EXERCISE DETAILS -
Before you reproduce the entries that follow, strip out any image they contain and keep the rest exact.

Scraped caption text data -
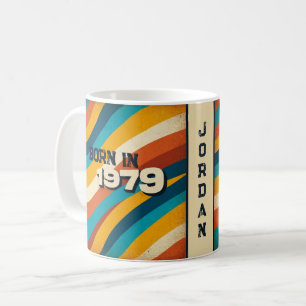 Geboren 1979 Persönliche Umarmung - 70er Groovy St Kaffeetasse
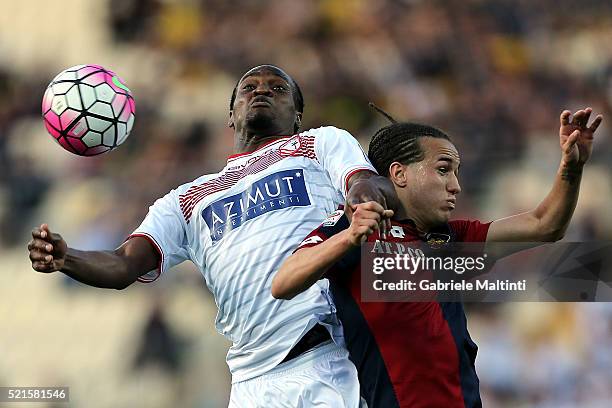 Jerry Mbagoku of Carpi FC in action against Diego Laxalt of Genoa CFC during the Serie A match between Carpi FC and Genoa CFC at Alberto Braglia...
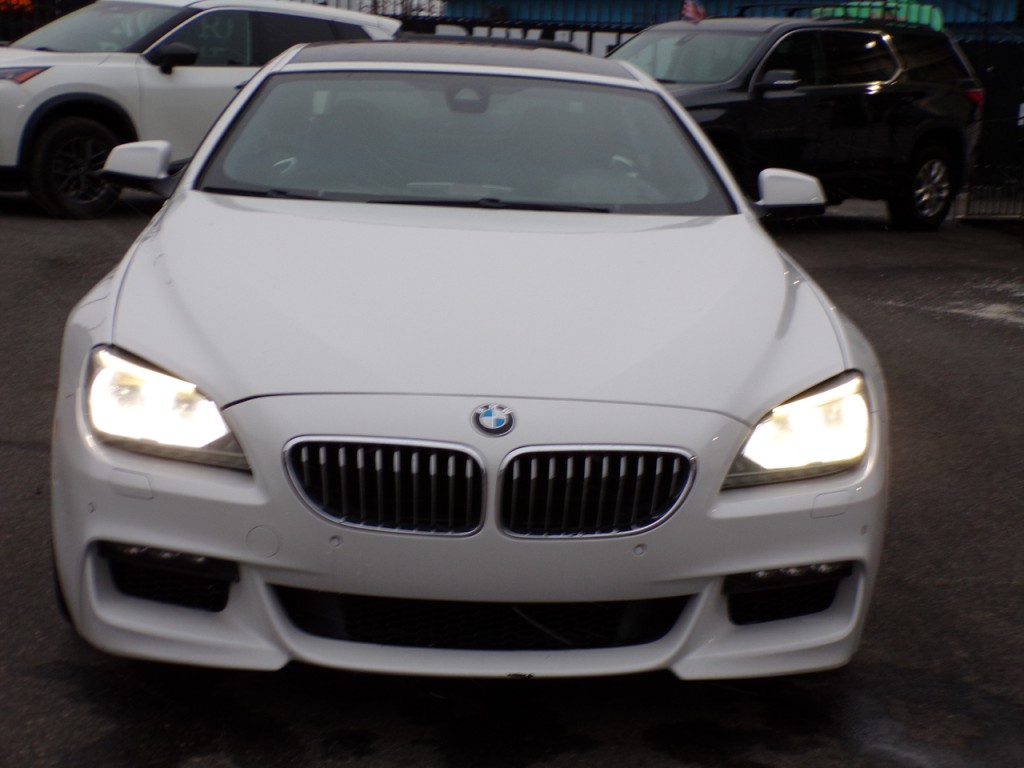 2015 BMW 6 Series Image 8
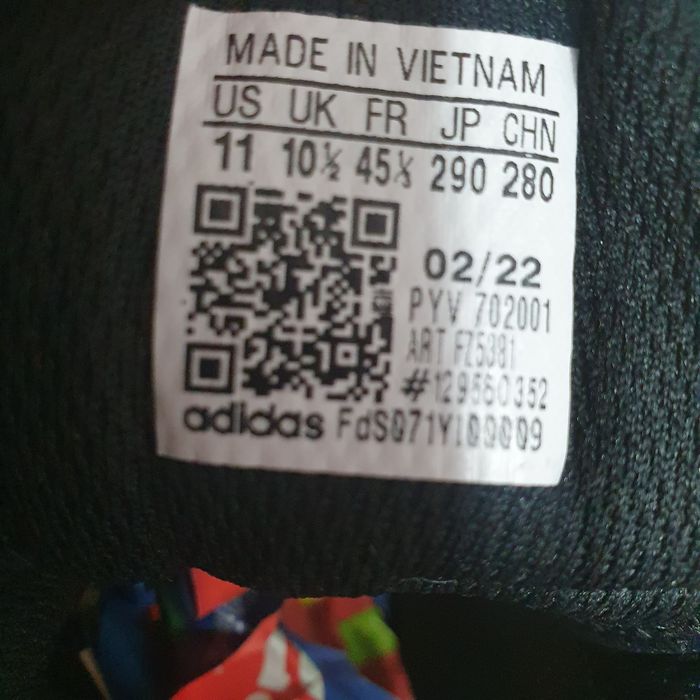 Adidas gheata numaru  45 si  1/2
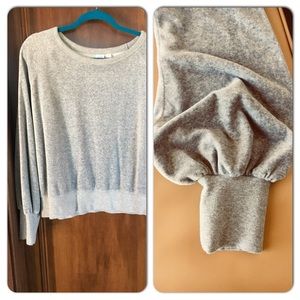 Gap balloon sleeve velour sweatshirt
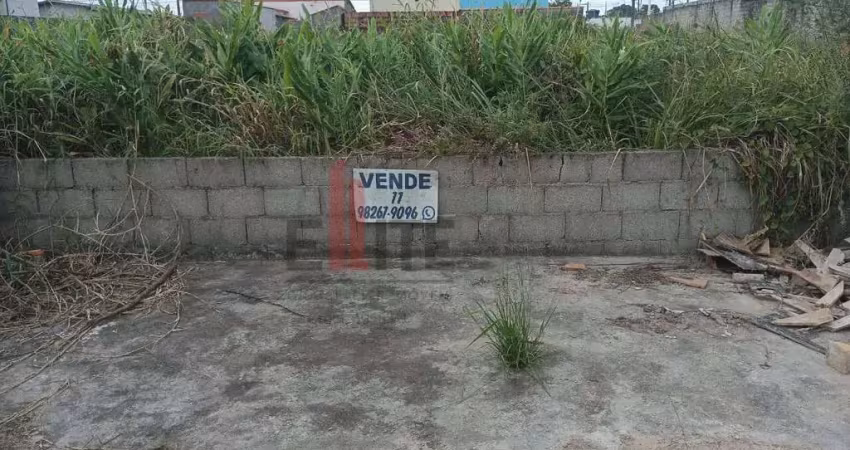 Terreno à venda no Centro, Peruíbe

SOLUTION TO THE EXERCISE -
 Geboren 1979 Persönliche Umarmung - 70er Groovy St Kaffeetasse
 Jerry Mbagoku of Carpi FC in action against Diego Laxalt of Genoa CFC during the Serie A match between Carpi FC and Genoa CFC at Alberto Braglia...
 2015 BMW 6 Series Image 8
 Adidas gheata numaru  45 si  1/2
 Gap balloon sleeve velour sweatshirt
 Terreno à venda no Centro, Peruíbe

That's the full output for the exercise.